You’re involved in a legal dispute and are looking to settle the issue without going to court. Alternative dispute resolutions (or ADR) are a series of processes whereby a neutral third party—called a mediator or arbitrator—helps parties who have different viewpoints on a legal matter come to an agreement. The goal is to avoid litigation, which is often costly, time-consuming, and uncertain.
ADR methods include early neutral evaluation, mediation, conciliation, and arbitration. With burgeoning caseloads and growing costs, more people have begun turning to ADR as a way of settling disputes outside the courtroom. ADR methods can be binding or nonbinding, and they may result in a legally enforceable agreement, settlement or judgment.
In mediation, an impartial third party —called a mediator—helps parties and their attorneys reach their own mutually agreeable solution to the dispute. The mediator lowers tensions, improves communications, interprets the issues and encourages parties to explore potential solutions. The mediation process is private, unlike the public nature of a court case. A majority of lawsuits resolve at or shortly after mediation.

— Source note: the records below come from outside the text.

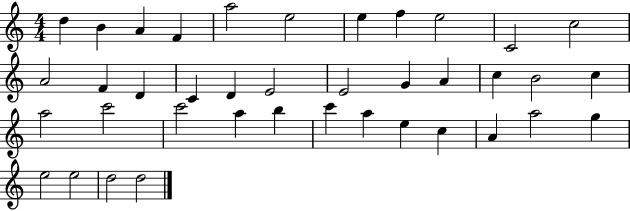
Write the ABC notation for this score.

X:1
T:Untitled
M:4/4
L:1/4
K:C
d B A F a2 e2 e f e2 C2 c2 A2 F D C D E2 E2 G A c B2 c a2 c'2 c'2 a b c' a e c A a2 g e2 e2 d2 d2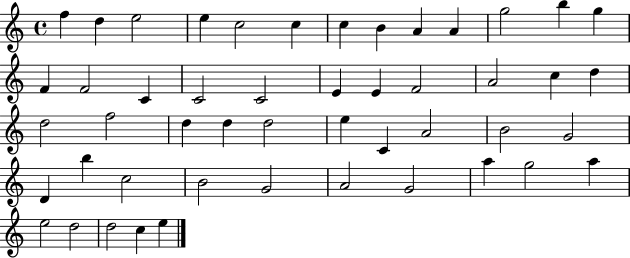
F5/q D5/q E5/h E5/q C5/h C5/q C5/q B4/q A4/q A4/q G5/h B5/q G5/q F4/q F4/h C4/q C4/h C4/h E4/q E4/q F4/h A4/h C5/q D5/q D5/h F5/h D5/q D5/q D5/h E5/q C4/q A4/h B4/h G4/h D4/q B5/q C5/h B4/h G4/h A4/h G4/h A5/q G5/h A5/q E5/h D5/h D5/h C5/q E5/q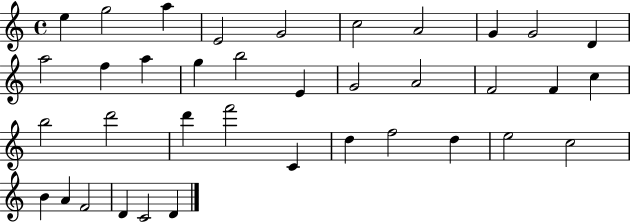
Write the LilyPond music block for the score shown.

{
  \clef treble
  \time 4/4
  \defaultTimeSignature
  \key c \major
  e''4 g''2 a''4 | e'2 g'2 | c''2 a'2 | g'4 g'2 d'4 | \break a''2 f''4 a''4 | g''4 b''2 e'4 | g'2 a'2 | f'2 f'4 c''4 | \break b''2 d'''2 | d'''4 f'''2 c'4 | d''4 f''2 d''4 | e''2 c''2 | \break b'4 a'4 f'2 | d'4 c'2 d'4 | \bar "|."
}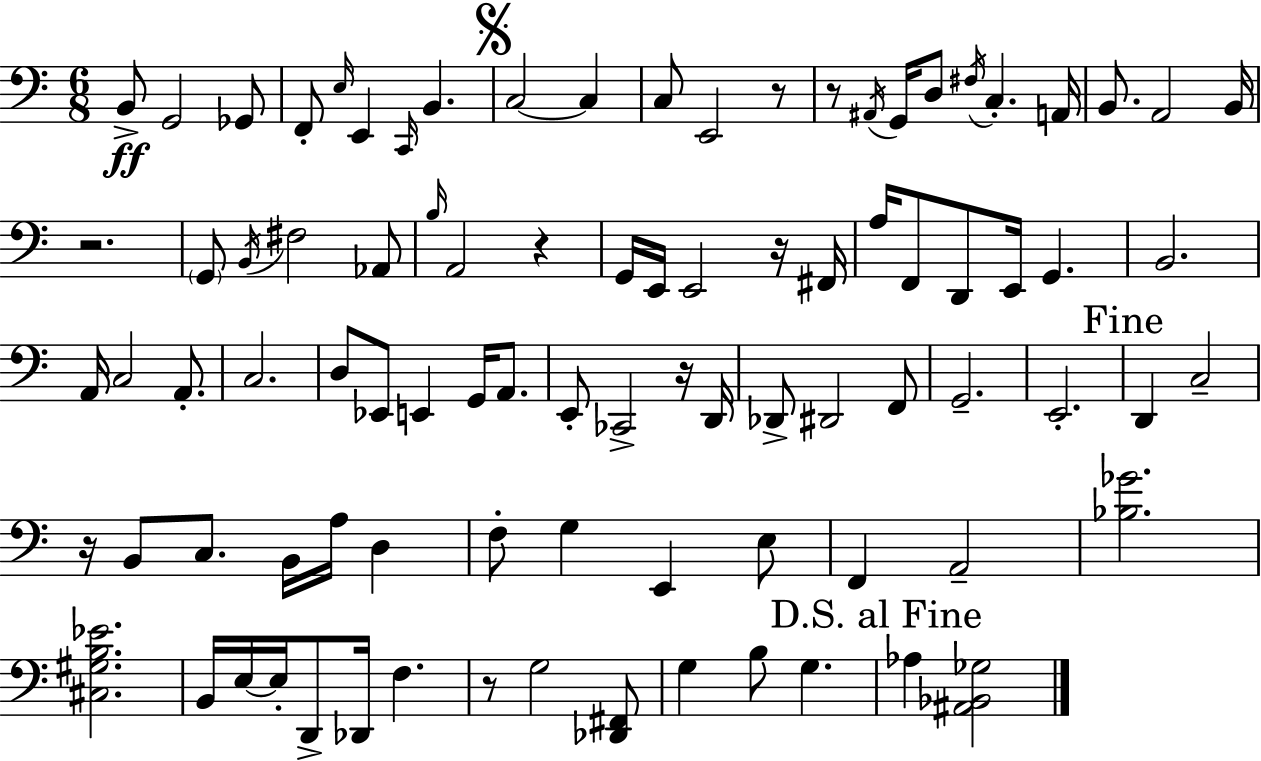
{
  \clef bass
  \numericTimeSignature
  \time 6/8
  \key c \major
  b,8->\ff g,2 ges,8 | f,8-. \grace { e16 } e,4 \grace { c,16 } b,4. | \mark \markup { \musicglyph "scripts.segno" } c2~~ c4 | c8 e,2 | \break r8 r8 \acciaccatura { ais,16 } g,16 d8 \acciaccatura { fis16 } c4.-. | a,16 b,8. a,2 | b,16 r2. | \parenthesize g,8 \acciaccatura { b,16 } fis2 | \break aes,8 \grace { b16 } a,2 | r4 g,16 e,16 e,2 | r16 fis,16 a16 f,8 d,8 e,16 | g,4. b,2. | \break a,16 c2 | a,8.-. c2. | d8 ees,8 e,4 | g,16 a,8. e,8-. ces,2-> | \break r16 d,16 des,8-> dis,2 | f,8 g,2.-- | e,2.-. | \mark "Fine" d,4 c2-- | \break r16 b,8 c8. | b,16 a16 d4 f8-. g4 | e,4 e8 f,4 a,2-- | <bes ges'>2. | \break <cis gis b ees'>2. | b,16 e16~~ e16-. d,8-> des,16 | f4. r8 g2 | <des, fis,>8 g4 b8 | \break g4. \mark "D.S. al Fine" aes4 <ais, bes, ges>2 | \bar "|."
}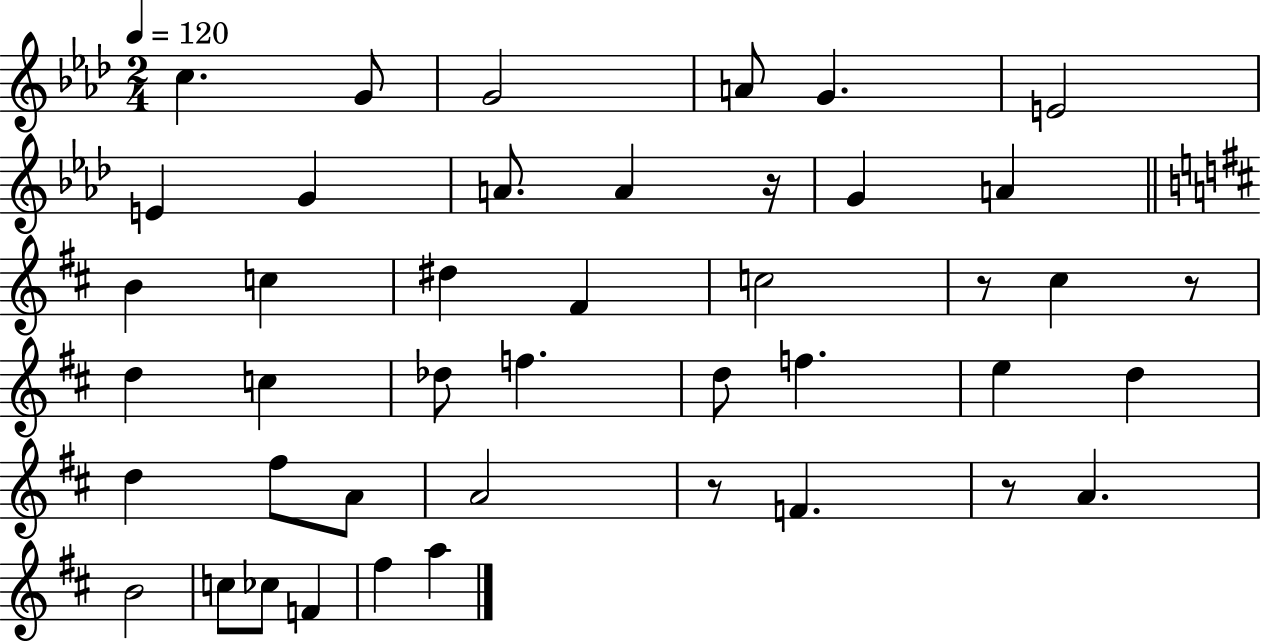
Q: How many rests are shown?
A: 5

Conciliation is another form of ADR in which the parties meet with a neutral case evaluator to discuss the merits of their cases. The evaluator advises the parties on their strengths and weaknesses, and how likely it is they will win or lose at trial. This enables the parties to settle their dispute or to prepare for a trial with more confidence. Similarly, a judicially conducted mediation is similar to ADR and may be ordered by a judge or senior court official.